From the top of the entries, reproduce each line exactly, stopping after the line that contains "STGAubron Gaming PC". Omit pictures.

[[ Input material, beginning ]]

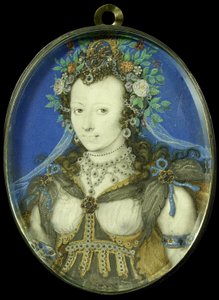 Portrait of a Woman in Masquerade Costume as Flora by Isaac Oliver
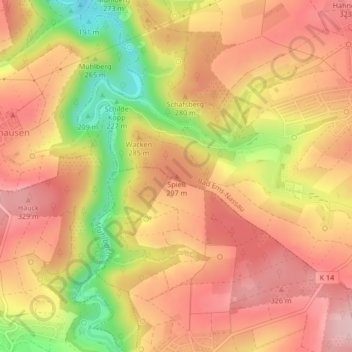 Mapa topográfico Spieß, altitud, relieve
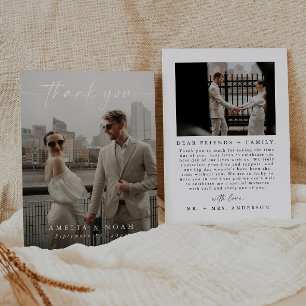 Modern Elegant Script Photo Wedding Thank You Card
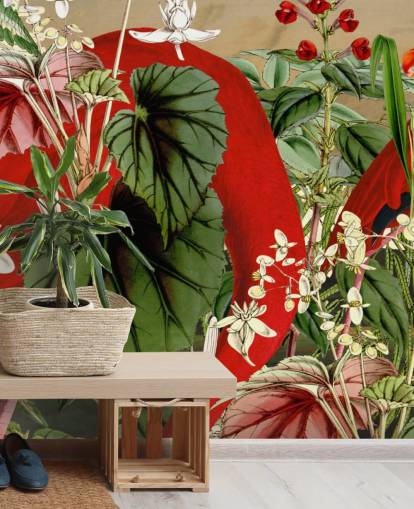 red flamingos in leafy green jungle wallpaper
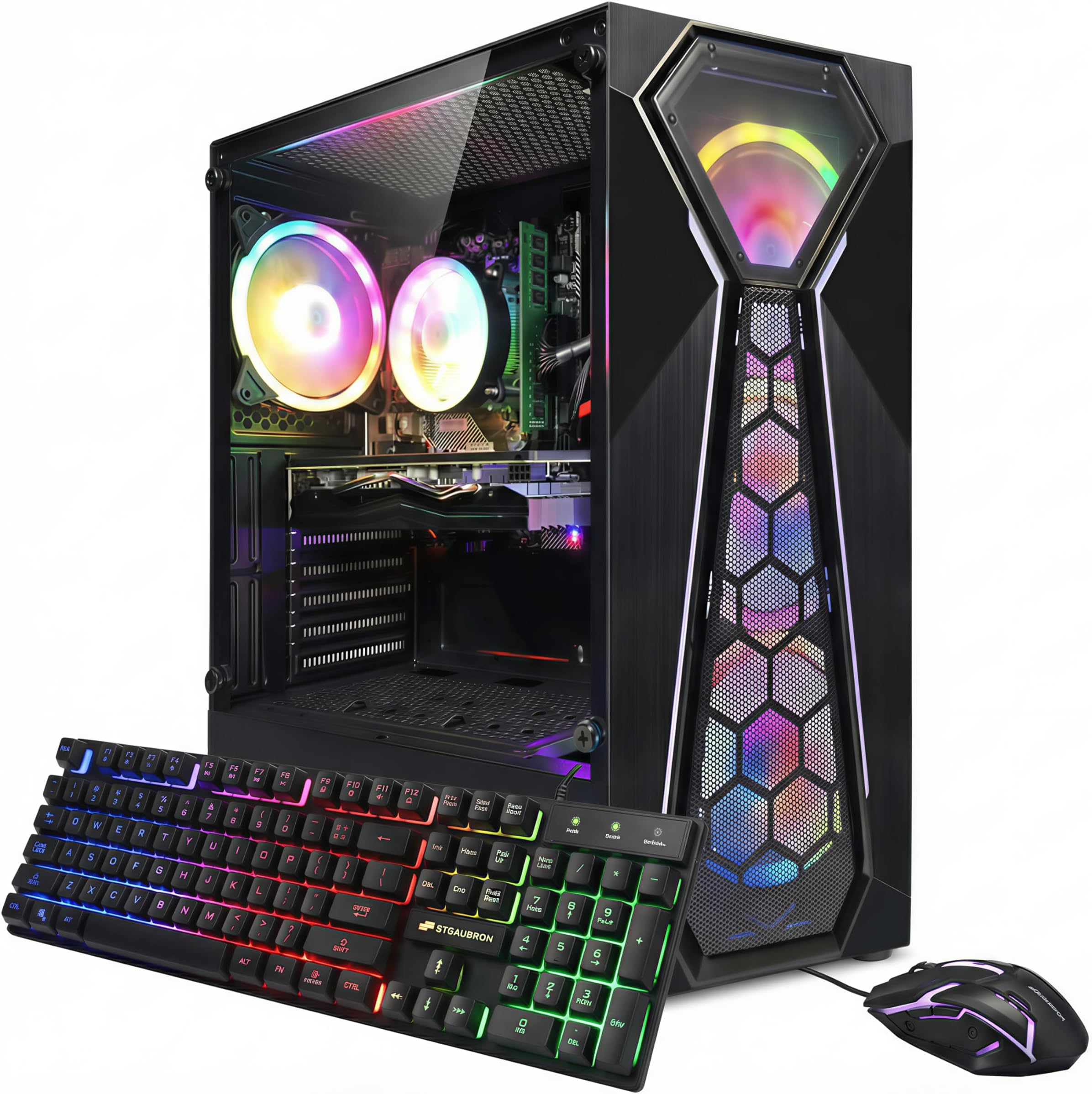STGAubron Gaming PC Desktop Computer, AMD Ryzen 3 3200G up to 4.0G, Radeon RX 580 8G, 16GB DDR4, 512GB SSD, WiFi 6, BT 5.0, RGB Fan x 4, Windows 11 Home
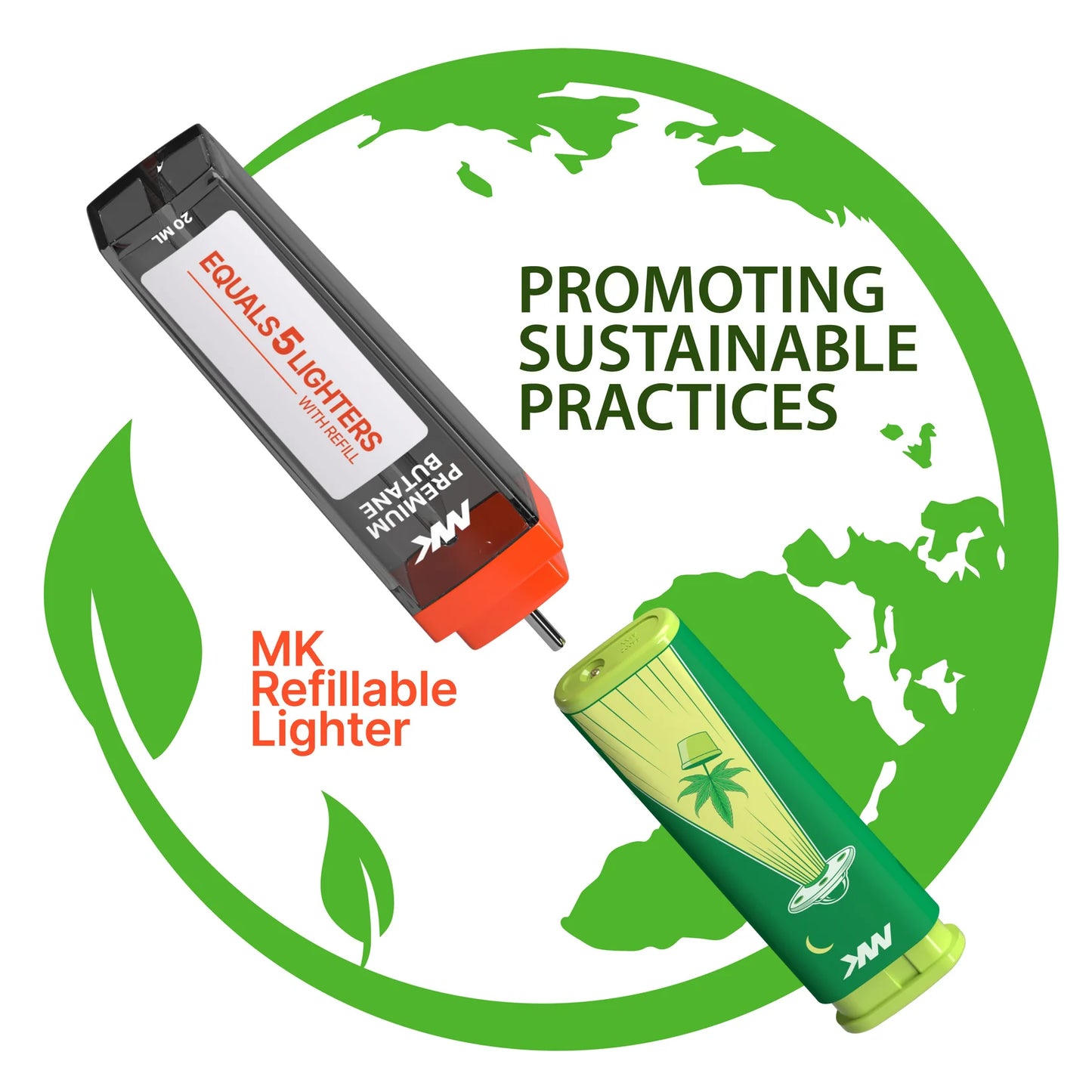 MK Lighter – Jet Series Windproof Flame – Green Connection Edition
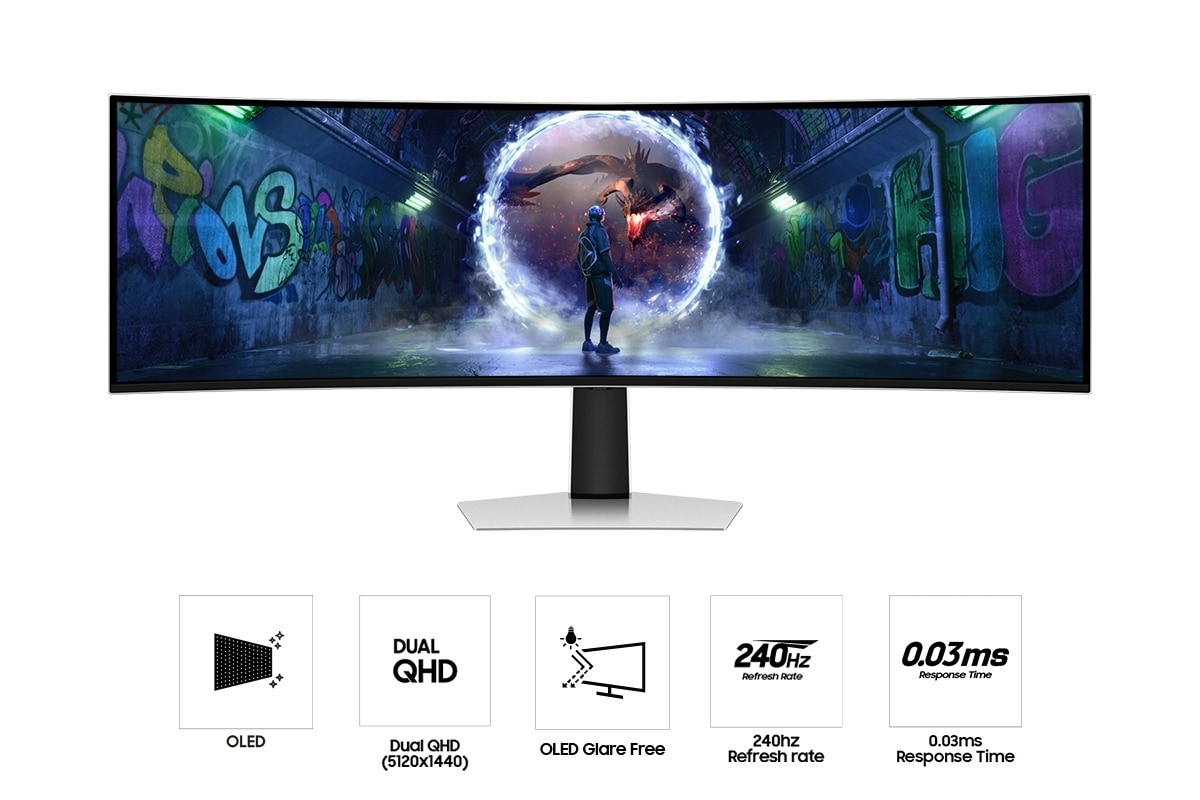49 Odyssey OLED G9 G93SD DQHD 240Hz Gaming Monitor Silver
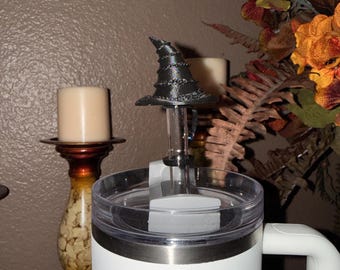 Wickedly Elphaba Witch Black Hat Tumbler Topper or Straw Topper, Unique Accessories that fit Stanley 20/30 ad 40 oz Tumblers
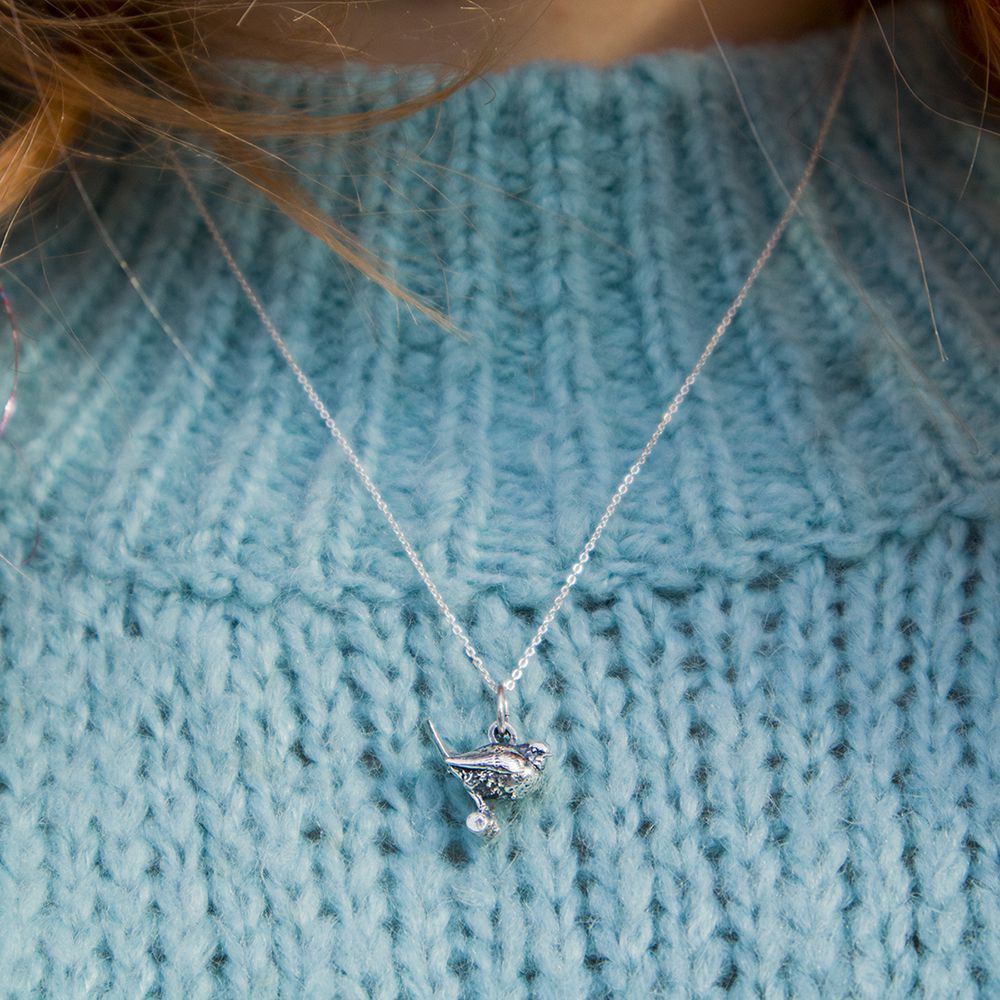 Blackbird Jewellery Sterling Silver Robin Charm – Handmade Jewellery Gift for Her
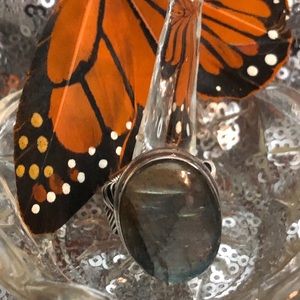 Sterling Silver Huge Labradorite Ring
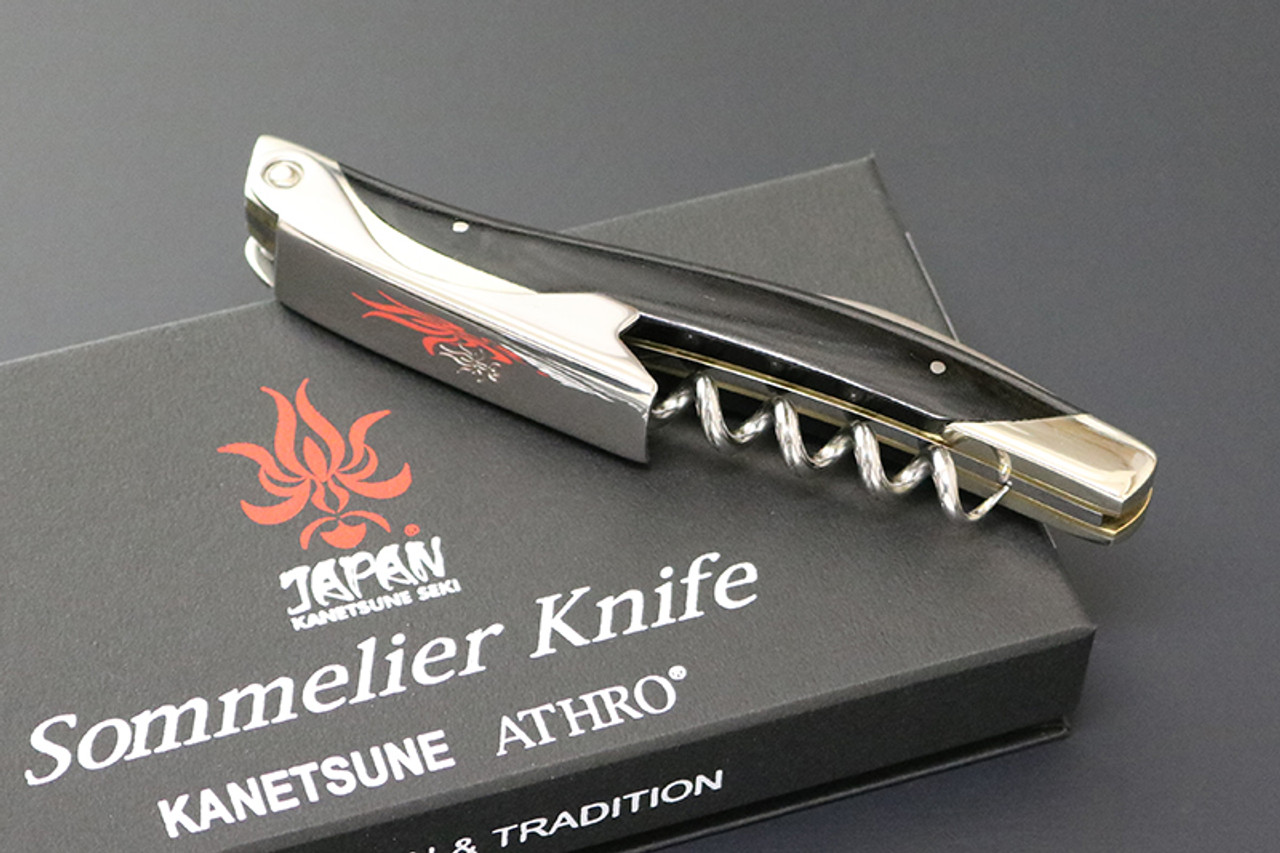 KC-002 AUS-8 Stainless Steel Black Sommelier Knife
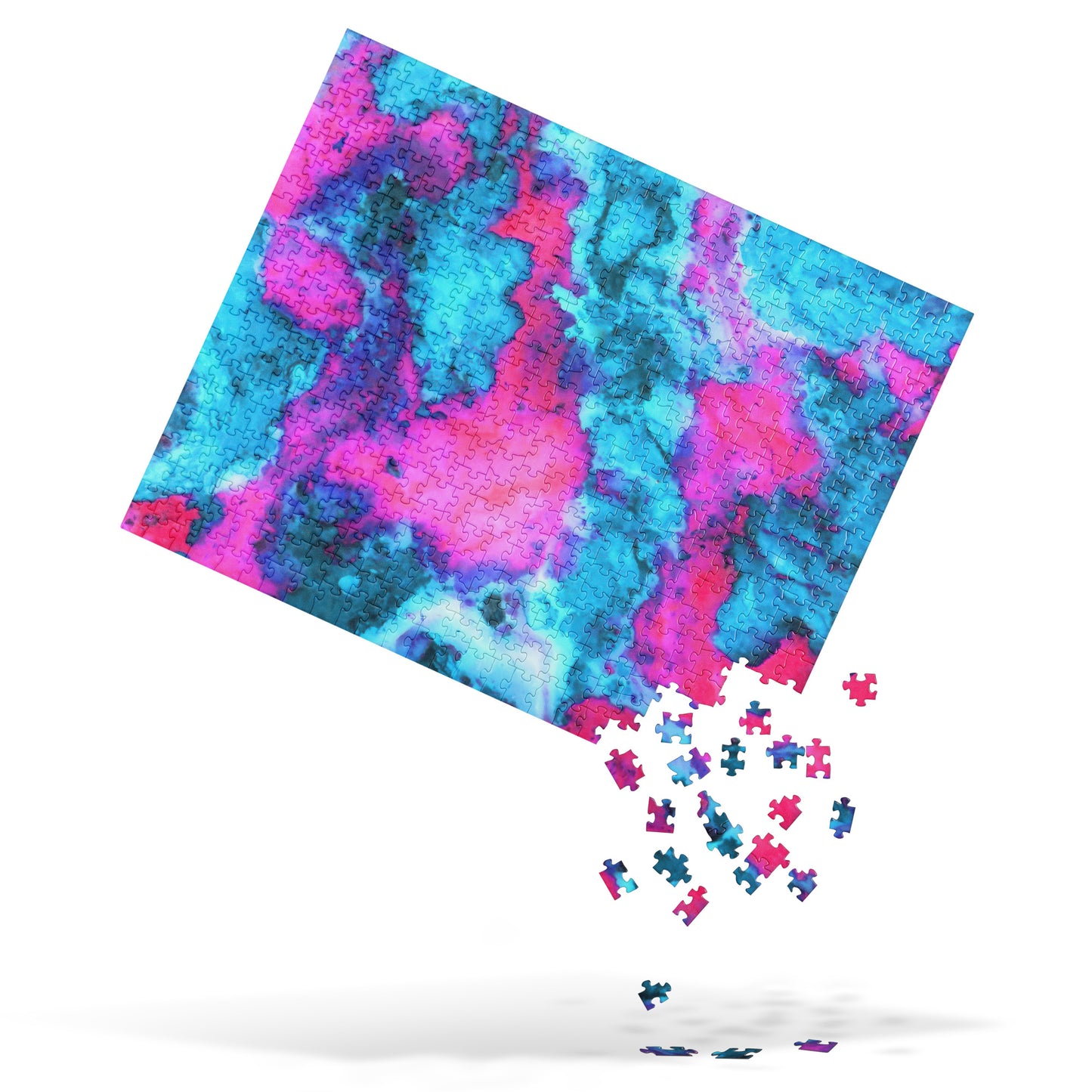 Vibrant Marble Abstract Jigsaw Puzzle - Magenta & Cyan Art - 500 Pieces - Perfect for Art Lovers & Puzzle Enthusiasts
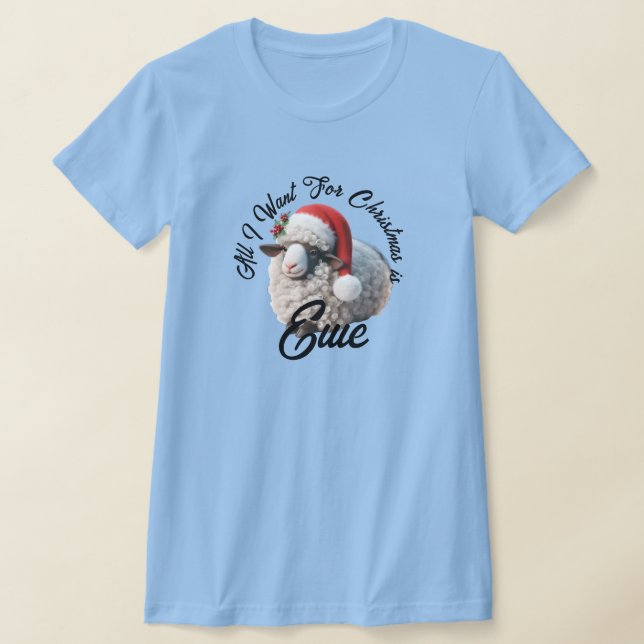 Cute Sheep Wearing Santa Hat Christmas T-Shirt (Laydown)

[[ Input material, end ]]

Expected output »
 Portrait of a Woman in Masquerade Costume as Flora by Isaac Oliver
 Mapa topográfico Spieß, altitud, relieve
 Modern Elegant Script Photo Wedding Thank You Card
 red flamingos in leafy green jungle wallpaper
STGAubron Gaming PC Desktop Computer, AMD Ryzen 3 3200G up to 4.0G, Radeon RX 580 8G, 16GB DDR4, 512GB SSD, WiFi 6, BT 5.0, RGB Fan x 4, Windows 11 Home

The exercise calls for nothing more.